First Line, Phase 1b Trial to Assess Immunotherapy Combining GEN-1 with Neo-Adjuvant Therapies in Newly Diagnosed Ovarian Cancer Patients

LAWRENCEVILLE, N.J., Sept. 30, 2015 /PRNewswire/ -- Celsion Corporation (Celsion) (NASDAQ:CLSN), a fully-integrated oncology company focused on the development of a portfolio of innovative cancer treatments, including directed chemotherapies, immunotherapies and RNA- or DNA-based therapies for the treatment of cancer and other difficult-to-treat diseases, today announced the enrollment of the first patient in its Phase Ib dose escalating clinical trial (the OVATION Study) combining GEN-1, the Company's DNA-based immunotherapy, with the standard of care for the treatment of newly-diagnosed ovarian cancer patients who will undergo neoadjuvant chemotherapy.
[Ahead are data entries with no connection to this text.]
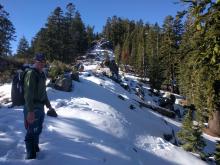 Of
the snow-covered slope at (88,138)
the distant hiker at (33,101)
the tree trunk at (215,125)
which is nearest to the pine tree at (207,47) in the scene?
the snow-covered slope at (88,138)

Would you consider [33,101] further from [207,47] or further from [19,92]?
[207,47]

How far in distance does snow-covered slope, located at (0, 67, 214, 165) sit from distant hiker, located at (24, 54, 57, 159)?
504 millimetres

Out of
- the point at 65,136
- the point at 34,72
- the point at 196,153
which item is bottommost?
the point at 196,153

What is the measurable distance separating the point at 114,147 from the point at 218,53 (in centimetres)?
467

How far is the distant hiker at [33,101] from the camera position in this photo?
23.7 feet

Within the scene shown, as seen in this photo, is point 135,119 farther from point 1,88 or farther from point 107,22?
point 107,22

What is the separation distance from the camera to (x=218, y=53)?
7070 millimetres

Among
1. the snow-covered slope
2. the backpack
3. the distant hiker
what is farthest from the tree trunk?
the backpack

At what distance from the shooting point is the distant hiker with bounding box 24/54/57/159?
23.7 feet

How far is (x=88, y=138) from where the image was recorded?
10.2 metres

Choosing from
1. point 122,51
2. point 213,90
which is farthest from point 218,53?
point 122,51

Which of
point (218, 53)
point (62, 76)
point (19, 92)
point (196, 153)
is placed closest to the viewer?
point (218, 53)

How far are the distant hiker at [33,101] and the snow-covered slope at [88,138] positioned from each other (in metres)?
0.50

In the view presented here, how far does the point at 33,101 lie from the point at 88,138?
334 centimetres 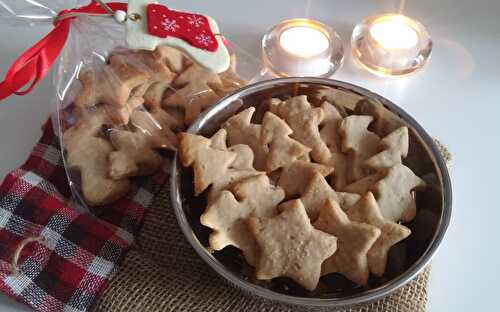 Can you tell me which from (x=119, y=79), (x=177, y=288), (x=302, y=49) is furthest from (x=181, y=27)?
(x=177, y=288)

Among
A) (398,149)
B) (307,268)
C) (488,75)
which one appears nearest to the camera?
(307,268)

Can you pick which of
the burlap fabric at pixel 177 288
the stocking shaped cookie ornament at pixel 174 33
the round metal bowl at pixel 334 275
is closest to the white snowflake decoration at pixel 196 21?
the stocking shaped cookie ornament at pixel 174 33

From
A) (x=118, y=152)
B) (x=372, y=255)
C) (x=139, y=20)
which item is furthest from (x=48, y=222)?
(x=372, y=255)

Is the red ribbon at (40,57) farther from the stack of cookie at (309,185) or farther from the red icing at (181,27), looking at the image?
the stack of cookie at (309,185)

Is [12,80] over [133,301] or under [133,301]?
over

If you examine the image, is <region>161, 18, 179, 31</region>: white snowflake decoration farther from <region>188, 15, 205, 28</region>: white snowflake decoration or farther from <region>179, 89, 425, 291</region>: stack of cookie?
<region>179, 89, 425, 291</region>: stack of cookie

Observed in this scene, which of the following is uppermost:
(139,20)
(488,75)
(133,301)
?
(139,20)

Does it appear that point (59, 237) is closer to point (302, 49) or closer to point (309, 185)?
point (309, 185)

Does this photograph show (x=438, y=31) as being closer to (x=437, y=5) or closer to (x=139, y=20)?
(x=437, y=5) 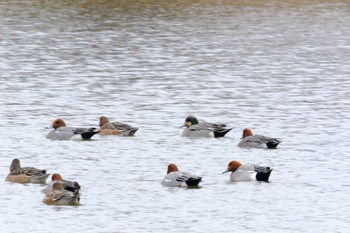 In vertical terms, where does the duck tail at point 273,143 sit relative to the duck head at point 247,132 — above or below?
below

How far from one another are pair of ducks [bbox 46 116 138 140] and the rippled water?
0.25m

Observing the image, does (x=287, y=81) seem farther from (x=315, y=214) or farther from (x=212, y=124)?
(x=315, y=214)

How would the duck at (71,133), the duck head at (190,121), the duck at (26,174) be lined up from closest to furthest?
the duck at (26,174)
the duck at (71,133)
the duck head at (190,121)

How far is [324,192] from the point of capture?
2347 cm

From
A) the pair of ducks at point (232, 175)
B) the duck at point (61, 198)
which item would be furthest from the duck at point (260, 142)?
the duck at point (61, 198)

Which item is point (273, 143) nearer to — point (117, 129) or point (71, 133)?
point (117, 129)

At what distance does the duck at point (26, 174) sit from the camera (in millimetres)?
24062

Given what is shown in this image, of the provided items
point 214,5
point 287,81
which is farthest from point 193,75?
point 214,5

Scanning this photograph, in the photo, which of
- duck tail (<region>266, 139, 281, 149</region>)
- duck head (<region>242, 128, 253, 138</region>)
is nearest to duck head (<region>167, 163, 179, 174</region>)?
duck tail (<region>266, 139, 281, 149</region>)

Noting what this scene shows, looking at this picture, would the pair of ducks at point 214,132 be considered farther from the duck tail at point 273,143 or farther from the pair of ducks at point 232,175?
the pair of ducks at point 232,175

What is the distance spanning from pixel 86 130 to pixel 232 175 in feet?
19.2

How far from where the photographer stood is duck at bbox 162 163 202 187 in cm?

The first patient in the OVATION Study was enrolled at the University of Alabama at Birmingham (UAB). In addition to UAB, Oklahoma University Medical Center is now also recruiting patients in the OVATION Study. Celsion plans to initiate two additional sites in the coming months. Interim findings from this open label study are expected in the fourth quarter of 2015. The study will continue into the first half of next year at higher doses of GEN-1.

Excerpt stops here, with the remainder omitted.